Search code examples
javascriptarraysreactjsjsonnested-object

Combine duplicate tokens inside huge JSON file into nested array of objects using React


I looked at several of the suggested solutions but none seemed to rise to this confounding data formatting challenge.

I have a huge JSON file (over 100k rows) and massive duplicates of data all as top level objects.
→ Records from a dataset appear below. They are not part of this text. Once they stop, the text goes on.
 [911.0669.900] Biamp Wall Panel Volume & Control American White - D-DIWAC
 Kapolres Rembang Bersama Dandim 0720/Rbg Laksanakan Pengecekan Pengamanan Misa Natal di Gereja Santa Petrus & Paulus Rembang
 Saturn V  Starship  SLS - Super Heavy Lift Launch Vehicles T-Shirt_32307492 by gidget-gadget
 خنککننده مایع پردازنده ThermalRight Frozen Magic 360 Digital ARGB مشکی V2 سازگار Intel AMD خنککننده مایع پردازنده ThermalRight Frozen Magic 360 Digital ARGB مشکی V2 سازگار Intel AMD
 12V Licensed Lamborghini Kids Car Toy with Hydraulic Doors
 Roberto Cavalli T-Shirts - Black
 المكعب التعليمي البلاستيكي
Here's an example:

[
   {
      "manufacturer":"Samsung",
      "device":"Galaxy A32 5G",
      "model":"SM-A326B",
      "chipset":"Mediatek MT6853V/NZA",
      "date":"2022-01-01",
      "fw_id":"A326BXXS4AVA1",
      "android":"R(Android 11)",
      "known_passcode":false,
      "afu":false,
      "bfu":false,
      "bruteforce":false
   },
   {
      "manufacturer":"Samsung",
      "device":"Galaxy A32 5G",
      "model":"SM-A326U",
      "chipset":"Mediatek MT6853V/NZA",
      "date":"2021-03-01",
      "fw_id":"A326USQU1AUD4",
      "android":"R(Android 11)",
      "known_passcode":true,
      "afu":false,
      "bfu":true,
      "bruteforce":true
   },
   {
      "manufacturer":"Samsung",
      "device":"Galaxy A32 5G",
      "model":"SM-A326U1",
      "chipset":"Mediatek MT6853V/NZA",
      "date":"2021-09-01",
      "fw_id":"A326U1UEU5AUJ2",
      "android":"R(Android 11)",
      "known_passcode":true,
      "afu":false,
      "bfu":true,
      "bruteforce":true
   },
   {
      "manufacturer":"LGE",
      "device":"LG K31",
      "model":"LGL355DL",
      "chipset":"Mediatek MT6762",
      "date":"unknown",
      "fw_id":"L355DL10l",
      "android":"unknown",
      "known_passcode":false,
      "afu":false,
      "bfu":false,
      "bruteforce":false
   }
]

This needs to be organized so that data points like manufacturer, device, model are not duplicated hundreds of times.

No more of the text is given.